Are there any defining moments that stand out from your career? And what have you learned from them?
- Taking on a global leadership role at Ford; I learnt the importance of ensuring that everyone, from every culture, feels comfortable and has a chance to make their contribution. It is very easy to make assumptions about how each culture wants to work which may not be correct. Even working with Americans there are cultural differences that our common language may disguise. Allowing everyone to make their contribution is key to optimising global teams.
- My first female boss at Ford in an era that was male-dominated. I had never worked for a female leader before and I enjoyed seeing how effective she was – she really inspired me.
Are there any golden rules that you try to follow in the boardroom?
- All board opportunities offer interesting challenges. It’s important to only accept roles where you feel you can add value and contribute effectively to that company or organisation.
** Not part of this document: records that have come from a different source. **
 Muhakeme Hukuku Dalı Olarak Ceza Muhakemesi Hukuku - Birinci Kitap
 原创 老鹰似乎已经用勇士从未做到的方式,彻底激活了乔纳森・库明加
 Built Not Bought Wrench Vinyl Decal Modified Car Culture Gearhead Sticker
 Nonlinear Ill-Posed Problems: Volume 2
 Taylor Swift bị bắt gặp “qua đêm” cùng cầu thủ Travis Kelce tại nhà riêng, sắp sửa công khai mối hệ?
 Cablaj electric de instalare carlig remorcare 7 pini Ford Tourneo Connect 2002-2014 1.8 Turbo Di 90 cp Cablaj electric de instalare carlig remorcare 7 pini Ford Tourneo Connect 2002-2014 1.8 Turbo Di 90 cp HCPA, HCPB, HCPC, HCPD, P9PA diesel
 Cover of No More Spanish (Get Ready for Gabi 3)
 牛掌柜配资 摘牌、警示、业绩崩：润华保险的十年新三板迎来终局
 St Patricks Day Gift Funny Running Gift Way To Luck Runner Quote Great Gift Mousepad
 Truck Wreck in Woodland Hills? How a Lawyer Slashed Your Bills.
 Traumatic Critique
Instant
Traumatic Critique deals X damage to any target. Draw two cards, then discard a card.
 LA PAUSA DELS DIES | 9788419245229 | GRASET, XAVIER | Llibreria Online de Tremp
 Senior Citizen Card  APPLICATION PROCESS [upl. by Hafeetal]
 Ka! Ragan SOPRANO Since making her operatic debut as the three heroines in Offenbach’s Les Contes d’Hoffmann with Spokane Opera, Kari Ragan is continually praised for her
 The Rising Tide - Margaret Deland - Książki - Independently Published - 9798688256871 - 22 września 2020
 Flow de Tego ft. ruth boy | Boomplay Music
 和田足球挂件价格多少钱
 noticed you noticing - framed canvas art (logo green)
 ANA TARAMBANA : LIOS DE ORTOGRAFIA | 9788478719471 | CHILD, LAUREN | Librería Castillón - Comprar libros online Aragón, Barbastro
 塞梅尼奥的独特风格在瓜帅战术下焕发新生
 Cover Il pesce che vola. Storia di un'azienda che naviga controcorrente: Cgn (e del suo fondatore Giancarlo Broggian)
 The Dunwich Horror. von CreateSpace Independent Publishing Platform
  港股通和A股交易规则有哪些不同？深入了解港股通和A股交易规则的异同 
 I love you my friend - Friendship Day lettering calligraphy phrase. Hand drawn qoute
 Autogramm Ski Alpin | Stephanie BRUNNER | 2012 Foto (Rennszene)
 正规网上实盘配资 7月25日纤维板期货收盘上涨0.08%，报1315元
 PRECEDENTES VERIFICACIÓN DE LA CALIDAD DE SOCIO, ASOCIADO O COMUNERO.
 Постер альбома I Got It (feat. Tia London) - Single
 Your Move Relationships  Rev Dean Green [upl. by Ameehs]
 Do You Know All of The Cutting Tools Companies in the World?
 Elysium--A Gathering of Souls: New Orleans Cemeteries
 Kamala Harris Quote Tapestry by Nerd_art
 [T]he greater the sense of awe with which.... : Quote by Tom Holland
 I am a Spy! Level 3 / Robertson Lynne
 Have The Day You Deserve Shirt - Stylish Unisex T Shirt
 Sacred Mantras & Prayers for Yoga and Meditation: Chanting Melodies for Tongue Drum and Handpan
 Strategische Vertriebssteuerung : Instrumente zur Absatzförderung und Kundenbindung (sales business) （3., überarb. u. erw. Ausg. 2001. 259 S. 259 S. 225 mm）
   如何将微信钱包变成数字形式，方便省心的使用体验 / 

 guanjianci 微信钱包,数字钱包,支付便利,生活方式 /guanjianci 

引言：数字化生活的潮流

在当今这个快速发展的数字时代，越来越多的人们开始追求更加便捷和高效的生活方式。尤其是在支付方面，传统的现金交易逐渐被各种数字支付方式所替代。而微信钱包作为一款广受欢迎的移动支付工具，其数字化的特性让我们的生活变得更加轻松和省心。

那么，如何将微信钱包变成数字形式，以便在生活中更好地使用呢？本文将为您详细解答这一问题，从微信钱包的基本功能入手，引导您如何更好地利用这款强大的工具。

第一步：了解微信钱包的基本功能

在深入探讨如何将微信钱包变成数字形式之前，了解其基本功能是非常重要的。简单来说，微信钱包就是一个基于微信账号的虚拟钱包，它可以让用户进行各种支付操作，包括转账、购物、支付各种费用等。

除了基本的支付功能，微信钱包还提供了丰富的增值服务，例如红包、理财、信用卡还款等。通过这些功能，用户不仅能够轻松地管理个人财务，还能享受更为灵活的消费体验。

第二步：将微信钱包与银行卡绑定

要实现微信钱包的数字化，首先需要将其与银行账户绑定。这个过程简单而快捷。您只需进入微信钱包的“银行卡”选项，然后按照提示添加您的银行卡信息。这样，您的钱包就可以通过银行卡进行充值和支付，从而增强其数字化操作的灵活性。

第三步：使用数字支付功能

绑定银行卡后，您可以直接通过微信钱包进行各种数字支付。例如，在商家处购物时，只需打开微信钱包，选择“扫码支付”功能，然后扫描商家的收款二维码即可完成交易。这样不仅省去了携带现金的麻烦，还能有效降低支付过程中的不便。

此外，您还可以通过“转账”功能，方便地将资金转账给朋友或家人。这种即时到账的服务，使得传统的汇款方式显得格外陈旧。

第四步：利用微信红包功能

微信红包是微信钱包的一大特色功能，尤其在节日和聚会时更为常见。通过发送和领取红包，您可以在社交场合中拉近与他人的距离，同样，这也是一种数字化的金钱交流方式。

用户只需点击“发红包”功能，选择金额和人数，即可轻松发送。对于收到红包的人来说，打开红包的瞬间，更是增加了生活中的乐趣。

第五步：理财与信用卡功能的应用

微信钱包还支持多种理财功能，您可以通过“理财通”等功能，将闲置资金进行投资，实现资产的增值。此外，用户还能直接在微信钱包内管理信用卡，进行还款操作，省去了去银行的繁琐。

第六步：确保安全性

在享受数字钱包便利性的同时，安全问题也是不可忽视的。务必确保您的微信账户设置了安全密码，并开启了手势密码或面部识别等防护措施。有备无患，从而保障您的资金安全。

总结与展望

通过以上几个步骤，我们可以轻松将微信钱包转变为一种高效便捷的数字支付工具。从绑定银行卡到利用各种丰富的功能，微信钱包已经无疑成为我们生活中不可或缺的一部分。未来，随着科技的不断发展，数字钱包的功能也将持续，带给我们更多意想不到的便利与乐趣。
- Learn what you can about the company before you join and be careful to ensure there is a good chair – they play such an important role in setting the culture and tone of the boardroom. When you’re going through the recruitment process and you meet the chair and speak to other board members, try to get a feel for the culture, and think about how you can contribute and how you would work under that chair’s leadership.
- Remind yourself that, as a non-executive, you’re not there to do the work of the executive team. Sometimes that can be a challenge for new NEDs, but it is essential that the non-executive board members fulfil their own role of supporting and challenging the leadership team.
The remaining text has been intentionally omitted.